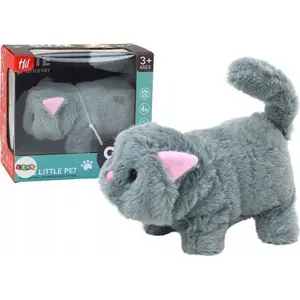 Plush Interactive Cat LEANToys Kotek Pluszowy 17602 — gray, walks and meows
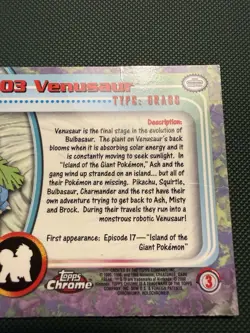 Venusaur Topps Chrome Series #1 Pokemon Card #03 TV Animation - MP - Image 5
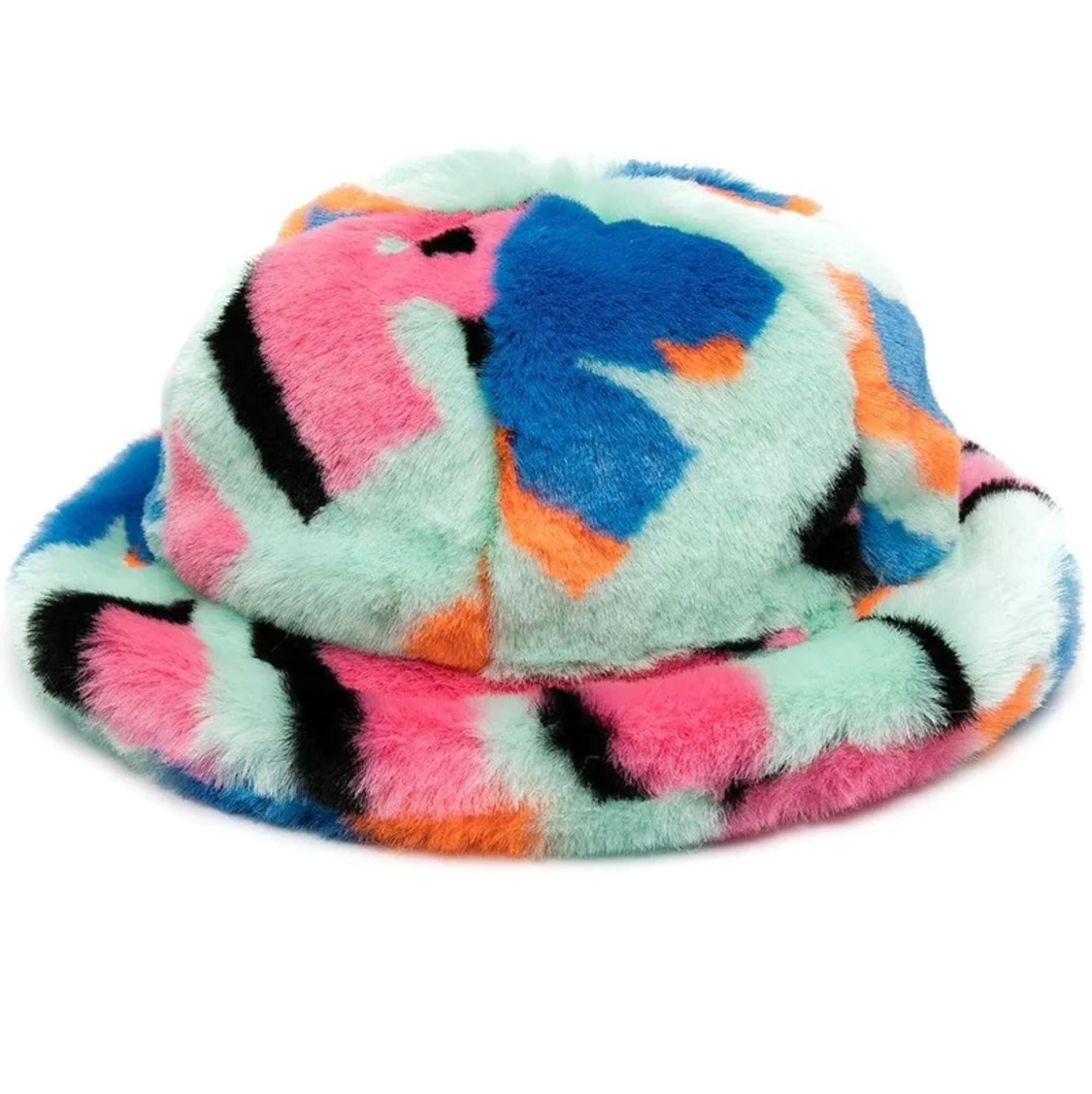 KIRIN all-over logo faux-fur bucket hat - 90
•••
* WORK ITEM *
Leave the pictures out and transcribe the remaining material exactly.

* ANSWER SECTION *
 Plush Interactive Cat LEANToys Kotek Pluszowy 17602 — gray, walks and meows
 Venusaur Topps Chrome Series #1 Pokemon Card #03 TV Animation - MP - Image 5
 KIRIN all-over logo faux-fur bucket hat - 90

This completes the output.